Thursday, December 12, 2019

Gore Vidal


Out of print for years, but now back on the cultural radar, Gore Vidal's Myra Breckinridge defies classification. It's a novel about Hollywood and entertainment, but it's also about sexuality, and violence, and psychoanalysis. It's a book that's serious, but silly; that's sad, but enticing.

Mostly, though, this is a book about gender, and about how our conception of masculinity, especially, is predicated on an unavoidable quest for power. Vidal is fascinated by this: by how power is accumulated, by how it grows, and by how it tends to perverts. Myra Breckinridge sets out to invert these dynamics, using her femininity, and a healthy dose of violence and manipulation, to stem the masculine drive. 

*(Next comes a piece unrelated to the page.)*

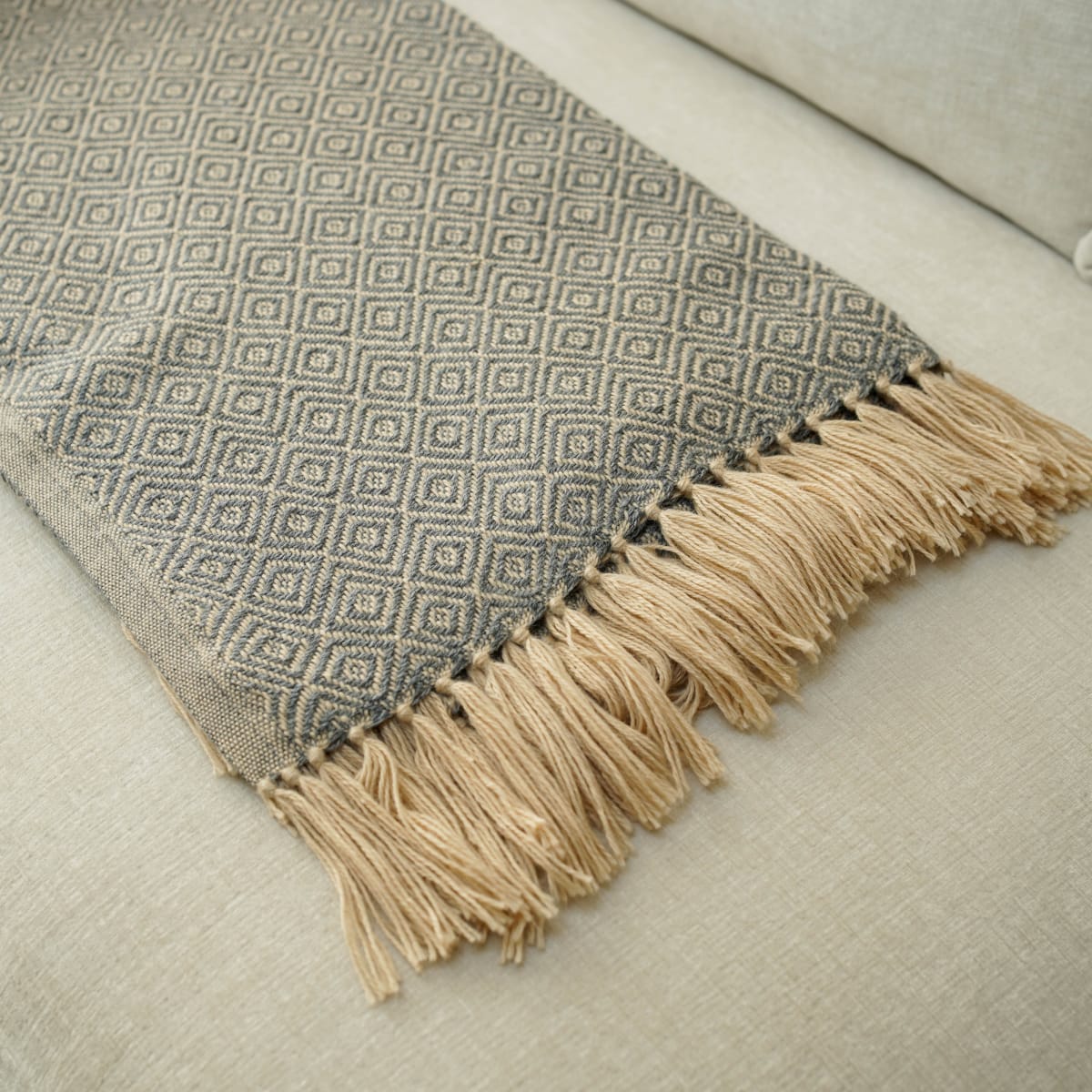 Manta Rombos CharcoalBrown1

Reading about Myra Breckinridge reminded some of Sissy Hankshaw: except that, where Tom Robbins focused, a decade later, on the nature of physical attraction, Vidal focused on its emotional underpinnings. Myra Breckinridge is constantly at war with herself and others: her triumph is at much an act of violence and reordering as it is an affirmation of herself and her identity. 

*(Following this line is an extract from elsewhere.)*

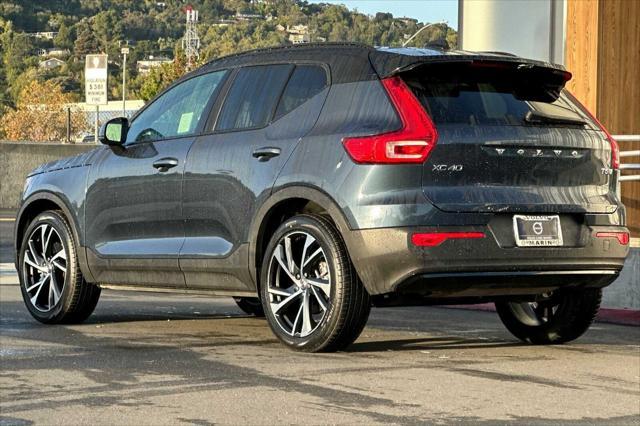 2022 volvo xc40 t5 r-design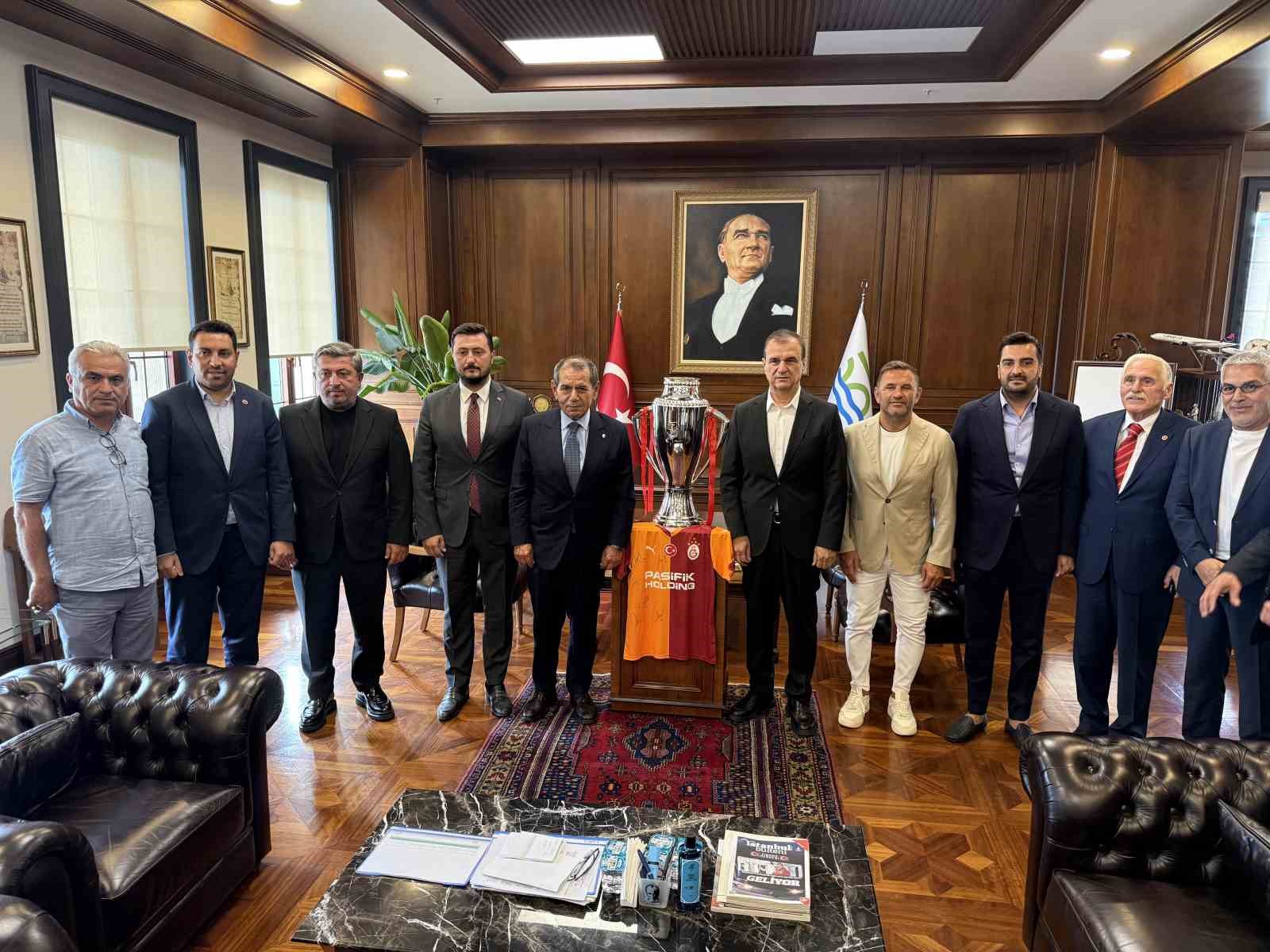 Başkan Dursun Özbek, Büyükçekmece'de Şampiyonlar Anıtı'na Galatasaray bayrağını çekti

I'm not sure that Myra Breckinridge is a book that was meant to be taken seriously: there's enough humor here, and enough self-deprecation, to distract. But Vidal used this as a tactic to make a more serious point: that sexuality, like gender, manifests structures of power, and that both assign roles without seeking permission. It takes a strong character -- like Myra Breckinridge, say -- to break that mold, and to subvert forces which are deeply habituated. 

This is not an excellent or lasting book, but it's certainly one that's timely, and its reprinting says as much about Myra Breckinridge as it does about our own culture and priorities today. For that reason alone, it's worth the read.